This is a favorite of mine.
I am so extremely thankful for being able to find him and be a part of the family again.  It’s something that is so emotional for me that I can say it here but I have an awful time saying to him directly, because right now at home I can write walk away in my tears and come back and type some more.  I have a very hard time crying in front of people and once I start I don’t stop because I get upset that I am crying in front of someone even happy tears.  These are happy tears because I am overjoyed and that joyousness has amounted to me being closer to who I used to be.

For a while I was very physically distant with people.  Which is really that I became an awkward hugger.  I always loved hugging people but at some point in my early 20’s I stopped doing it, not that I didn’t like it anymore but it just felt awkward and as though I didn’t understand hugging anymore.  Since reuniting with my family that has changed.  I am finding myself hugging random people as an expression of joy.  I hugged our bakery driver today who is always void of emotion just because he delivered a pie that wasn’t even for me.  He was confused.  I have been finding myself hugging everyone for no reason in particular other then I feel like hugging them.

So beyond being thankful for finding my family I am also thankful for finding inner joy again.

Friends
Last but not least I am thankful for my friends.  The new, the old, and the reunited.  I have learned a lot about people in the last year.  I have learned that many of the people I was once holding onto in my life were very bad for me and I am grateful they did not stick around to cause me more grief.  I have learned that my coworkers are coworkers and not friends.  Work is for work and not play.  That alone has helped me get through a lot of rough patches in work life and rise above those that try to keep me down.  This week has been a true testimony to that.
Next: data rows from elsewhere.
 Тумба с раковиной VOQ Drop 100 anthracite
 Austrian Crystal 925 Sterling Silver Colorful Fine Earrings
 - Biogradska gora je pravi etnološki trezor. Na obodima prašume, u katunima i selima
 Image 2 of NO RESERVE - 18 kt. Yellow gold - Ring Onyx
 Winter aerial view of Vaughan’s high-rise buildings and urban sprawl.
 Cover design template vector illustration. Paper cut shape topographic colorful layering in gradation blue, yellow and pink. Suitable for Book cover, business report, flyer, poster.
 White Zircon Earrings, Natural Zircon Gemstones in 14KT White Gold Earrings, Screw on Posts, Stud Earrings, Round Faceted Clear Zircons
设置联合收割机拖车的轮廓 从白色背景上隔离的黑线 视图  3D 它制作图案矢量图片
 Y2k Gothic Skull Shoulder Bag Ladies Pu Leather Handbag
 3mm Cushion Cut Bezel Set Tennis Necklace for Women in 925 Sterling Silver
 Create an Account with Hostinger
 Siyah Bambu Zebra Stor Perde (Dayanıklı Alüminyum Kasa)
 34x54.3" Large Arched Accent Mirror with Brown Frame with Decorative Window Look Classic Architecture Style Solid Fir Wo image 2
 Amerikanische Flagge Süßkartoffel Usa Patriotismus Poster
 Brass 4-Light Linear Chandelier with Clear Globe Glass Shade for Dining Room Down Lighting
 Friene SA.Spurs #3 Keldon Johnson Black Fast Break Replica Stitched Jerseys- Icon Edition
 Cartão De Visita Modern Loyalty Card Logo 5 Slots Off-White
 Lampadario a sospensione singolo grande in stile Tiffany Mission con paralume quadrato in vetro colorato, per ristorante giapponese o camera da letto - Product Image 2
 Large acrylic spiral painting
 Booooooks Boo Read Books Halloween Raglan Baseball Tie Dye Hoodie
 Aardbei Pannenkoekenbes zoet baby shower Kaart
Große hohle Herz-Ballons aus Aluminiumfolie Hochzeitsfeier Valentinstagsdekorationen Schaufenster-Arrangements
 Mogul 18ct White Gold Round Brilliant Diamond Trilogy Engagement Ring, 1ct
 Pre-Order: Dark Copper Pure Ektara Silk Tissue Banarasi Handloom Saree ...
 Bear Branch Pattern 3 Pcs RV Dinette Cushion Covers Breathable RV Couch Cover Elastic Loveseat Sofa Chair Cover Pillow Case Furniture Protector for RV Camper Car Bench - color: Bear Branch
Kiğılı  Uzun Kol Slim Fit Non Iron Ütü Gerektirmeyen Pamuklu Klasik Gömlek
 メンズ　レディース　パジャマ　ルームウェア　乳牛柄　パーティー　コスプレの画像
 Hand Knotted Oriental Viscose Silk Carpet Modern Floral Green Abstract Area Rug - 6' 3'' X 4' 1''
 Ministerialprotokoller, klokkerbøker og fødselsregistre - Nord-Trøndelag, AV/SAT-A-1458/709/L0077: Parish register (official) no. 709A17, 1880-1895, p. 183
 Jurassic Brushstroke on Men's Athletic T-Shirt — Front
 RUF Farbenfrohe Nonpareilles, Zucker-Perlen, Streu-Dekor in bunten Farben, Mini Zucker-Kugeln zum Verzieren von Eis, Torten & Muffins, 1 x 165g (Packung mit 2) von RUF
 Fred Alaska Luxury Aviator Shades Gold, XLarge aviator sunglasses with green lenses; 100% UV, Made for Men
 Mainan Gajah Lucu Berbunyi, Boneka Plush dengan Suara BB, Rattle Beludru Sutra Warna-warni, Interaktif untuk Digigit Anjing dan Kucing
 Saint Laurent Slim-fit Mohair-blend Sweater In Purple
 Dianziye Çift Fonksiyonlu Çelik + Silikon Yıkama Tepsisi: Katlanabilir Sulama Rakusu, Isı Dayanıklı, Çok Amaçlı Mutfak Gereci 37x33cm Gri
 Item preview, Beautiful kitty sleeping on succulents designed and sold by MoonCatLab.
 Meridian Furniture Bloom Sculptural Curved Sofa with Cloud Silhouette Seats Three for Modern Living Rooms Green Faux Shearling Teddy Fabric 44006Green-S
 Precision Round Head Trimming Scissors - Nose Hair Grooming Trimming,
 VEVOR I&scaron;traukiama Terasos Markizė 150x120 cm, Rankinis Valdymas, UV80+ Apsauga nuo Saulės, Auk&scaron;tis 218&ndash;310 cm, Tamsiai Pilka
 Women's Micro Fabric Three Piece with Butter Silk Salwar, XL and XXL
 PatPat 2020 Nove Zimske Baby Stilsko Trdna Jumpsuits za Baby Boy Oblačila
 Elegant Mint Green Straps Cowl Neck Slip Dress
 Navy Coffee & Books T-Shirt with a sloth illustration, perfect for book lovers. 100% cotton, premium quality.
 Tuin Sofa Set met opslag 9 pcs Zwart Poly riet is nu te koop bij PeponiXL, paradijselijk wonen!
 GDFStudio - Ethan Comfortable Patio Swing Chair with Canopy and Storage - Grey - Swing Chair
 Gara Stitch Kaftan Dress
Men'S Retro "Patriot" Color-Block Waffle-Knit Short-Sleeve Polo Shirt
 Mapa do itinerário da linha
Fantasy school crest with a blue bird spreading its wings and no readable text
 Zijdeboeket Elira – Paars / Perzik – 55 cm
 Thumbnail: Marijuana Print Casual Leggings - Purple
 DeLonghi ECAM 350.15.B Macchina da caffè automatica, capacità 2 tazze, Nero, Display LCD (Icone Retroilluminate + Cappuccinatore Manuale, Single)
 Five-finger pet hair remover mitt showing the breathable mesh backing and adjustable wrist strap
Anyway, I am very grateful for the pockets of friends I have now.  The ones that help lift me up on a bad day.  The ones that do not tear me down.  The ones that allow me to do the same for them.  The ones that don’t ask more of me then I am willing to give.  The ones that don’t take me for granted.

I am also grateful for the friends that have allowed me back into their lives this year after removing a person that was keeping us apart.  I am grateful that I have become more picky with who I let into my life.  I have stopped doubting my opinions and started standing by them allowing me more peace of mind when it comes to other people.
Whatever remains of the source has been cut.